Without meaningful growth, a quality business that generates high returns on capital, is unlikely to compound overtime. It is likely to be a good dividend payer (depending on the valuation you pay), but not a compound earnings/share price story. We believe a business that can compound its earnings offers a greater margin of safety than that of a dividend payer over long periods of time.

Businesses can compound their earnings organically (new products, markets or industry share gains), through acquisition, buy backs or a combination of all three. We believe businesses operating in large, growing industries, where management can continually reinvest back into the businesses, offer the most attractive opportunities and thus this is where we spend the majority of our research hours.
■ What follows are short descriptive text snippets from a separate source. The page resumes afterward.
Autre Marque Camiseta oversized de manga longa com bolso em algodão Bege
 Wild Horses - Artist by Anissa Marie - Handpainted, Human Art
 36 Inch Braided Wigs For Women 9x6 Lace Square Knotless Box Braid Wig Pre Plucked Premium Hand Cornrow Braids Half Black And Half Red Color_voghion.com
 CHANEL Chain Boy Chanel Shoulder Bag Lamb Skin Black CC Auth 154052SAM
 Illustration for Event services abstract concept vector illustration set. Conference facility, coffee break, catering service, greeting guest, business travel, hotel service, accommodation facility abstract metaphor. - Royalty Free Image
In his book, ‘100 Baggers (Stocks that returned 100-to-1 and how to find them)’, Chris Mayer provides a case study on the world’s largest business - Amazon. For IPO investors, Amazon has generated a whopping 1990x or 19,990% return. Over the past 23 years, Amazon sales have compounded at an incredible 49.16% - propelling this earnings growth has been two very strong industry tails winds in e-commerce and cloud computing. Most importantly though, founder Jeff Bezos has not paid out one dollar of dividends and instead has been ploughing Amazon’s unencumbered cash flow back into high returning business activities each year.

We recently added a vertical market software business to the quality compounders portfolio – Objective Corporation (OCL). Objective is a market leader in mission critical, content management solutions for governments. Although OCL doesn’t offer the rapid earnings growth potential of an Amazon, we do however feel that at a much smaller scale, OCL has some very similar elements – those being – a founder leader with material skin in the business, who understands the importance of prudent capital allocation decisions, who is operating in an growing industry where he can continue to allocate growing amounts of free cash flow.

In closing, we will leave you with this quote from the book ‘Quality Investing’ (Cunningham, Eide. Hargreaves), which we hope encapsulates the businesses in the Quality Compounders Portfolio.In our view, three characteristics indicate quality. These are strong, predictable cash generation; sustainably high returns on capital; and attractive growth opportunities. Each of these financial traits is attractive in its own right, but when combined, they are particularly powerful, enabling a virtuous circle of cash generation, which can be reinvested at high rates of return, begetting more cash, which can be reinvested again.’